X_frame, Y_frame, Xt_frame, Yt_frame = d.get_preprocessed_dataset(sds)
# Transformation specification
jspec_data = d.get_jspec(sds)
jspec_labels = sds.scalar(f'"{ {"recode": ["income"]} }"')
# Transform frames to matrices.
X, M1 = X_frame.transform_encode(spec=jspec_data)
Xt = Xt_frame.transform_apply(spec=jspec_data, meta=M1)
Y, M2 = Y_frame.transform_encode(spec=jspec_labels)
Yt = Yt_frame.transform_apply(spec=jspec_labels, meta=M2)
# Subsample to make training faster
X = X[0:train_count]
Y = Y[0:train_count]
Xt = Xt[0:test_count]
Yt = Yt[0:test_count]
Here the DataManager contains the code for downloading and setting up either Pandas DataFrames or internal SystemDS Frames, for the best performance and no data transfer from pandas to SystemDS it is recommended to read directly from disk into SystemDS.
Step 2: Training
Now that we prepared the data, we can use the multiLogReg function. First, we will train the model on our training data. Afterward, we can make predictions on the test data and assess the performance of the model.
betas = multiLogReg(X, Y, verbose=False)
Note that nothing has been calculated yet. In SystemDS the calculation is executed once compute() is called. E.g. betas_res = betas.compute().
We can now use the trained model to make predictions on the test data.
[_, y_pred, acc] = multiLogRegPredict(Xt, betas, Yt)
- The multiLogRegPredict function has three return values:
m, a matrix with the mean probability of correctly classifying each label. We do not use it further in this example.
y_pred, is the predictions made using the model
acc, is the accuracy achieved by the model.
Step 3: Confusion Matrix
A confusion matrix is a useful tool to analyze the performance of the model and to obtain a better understanding which classes the model has difficulties separating. The confusionMatrix function takes the predicted labels and the true labels. It then returns the confusion matrix for the predictions and the confusion matrix averages of each true class.
confusion_matrix_abs, _ = confusionMatrix(y_pred, Yt).compute()
Full Script
In the full script, some steps are combined to reduce the overall script.
from systemds.context import SystemDSContext
from systemds.examples.tutorials.adult import DataManager
from systemds.operator.algorithm import multiLogReg
from systemds.operator.algorithm import multiLogRegPredict
from systemds.operator.algorithm import confusionMatrix
with SystemDSContext() as sds:
d = DataManager()
# limit the sample size
train_count = 15000
test_count = 5000
# Get train and test datasets.
X_frame, Y_frame, Xt_frame, Yt_frame = d.get_preprocessed_dataset(sds)
# Transformation specification
jspec_data = d.get_jspec(sds)
jspec_labels = sds.scalar(f'"{ {"recode": ["income"]} }"')
# Transform frames to matrices.
X, M1 = X_frame.transform_encode(spec=jspec_data)
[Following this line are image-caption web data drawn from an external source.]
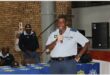 man in police uniform speaks into a microphone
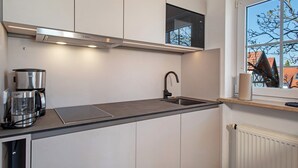 Una cocina moderna con extractor Bosch, cafetera, lavamanos y ventana con vistas a edificios.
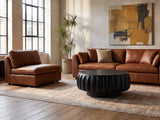 Radda Black Carved Wood Drum Coffee Table on a vintage rug in front of a leather sofa in an industrial loft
Xt = Xt_frame.transform_apply(spec=jspec_data, meta=M1)
Y, M2 = Y_frame.transform_encode(spec=jspec_labels)
Yt = Yt_frame.transform_apply(spec=jspec_labels, meta=M2)
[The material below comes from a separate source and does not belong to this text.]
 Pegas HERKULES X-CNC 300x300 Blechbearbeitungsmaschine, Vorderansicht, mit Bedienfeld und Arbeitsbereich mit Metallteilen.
# Subsample to make training faster
X = X[0:train_count]
Y = Y[0:train_count]
Xt = Xt[0:test_count]
Yt = Yt[0:test_count]
# Train model
betas = multiLogReg(X, Y, verbose=False)
# Apply model
[_, y_pred, acc] = multiLogRegPredict(Xt, betas, Yt)
# Confusion Matrix
confusion_matrix_abs, _ = confusionMatrix(y_pred, Yt).compute()
import logging
logging.info("Confusion Matrix")
logging.info(confusion_matrix_abs)
Level 2
In this level we want to show how we can integrate a custom built algorithm using the Python API. For this we will introduce another dml file, which can be used to train a basic feed forward network.
Step 1: Obtain data
For the whole data setup please refer to level 1, Step 1, as these steps are almost identical, but instead of preparing the test data, we only prepare the training data.
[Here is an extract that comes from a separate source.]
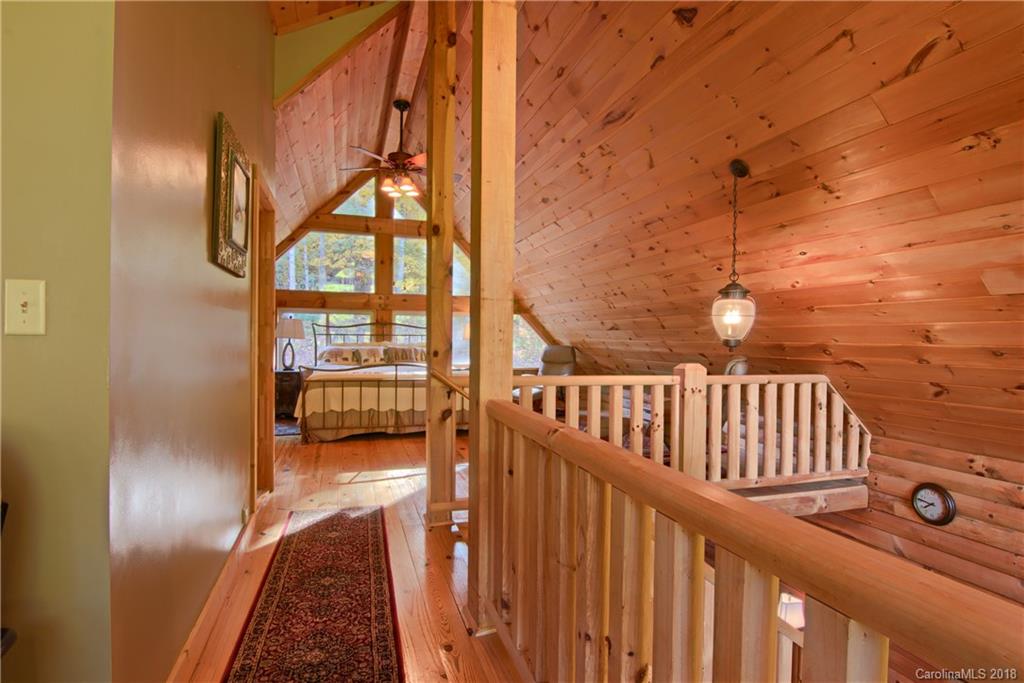 548 Miller Branch Road Mars Hill, NC 28754 - Photo 28 of 35 a view of staircase with white walls and a window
from systemds.context import SystemDSContext
from systemds.examples.tutorials.adult import DataManager
from systemds.operator.algorithm import multiLogReg
from systemds.operator.algorithm import multiLogRegPredict
from systemds.operator.algorithm import confusionMatrix
with SystemDSContext() as sds:
d = DataManager()
# limit the sample size
train_count = 15000
test_count = 5000
# Get train and test datasets.
X_frame, Y_frame, Xt_frame, Yt_frame = d.get_preprocessed_dataset(sds)
# Transformation specification
jspec_data = d.get_jspec(sds)
jspec_labels = sds.scalar(f'"{ {"recode": ["income"]} }"')
# Transform frames to matrices.
X, M1 = X_frame.transform_encode(spec=jspec_data)
Y, M2 = Y_frame.transform_encode(spec=jspec_labels)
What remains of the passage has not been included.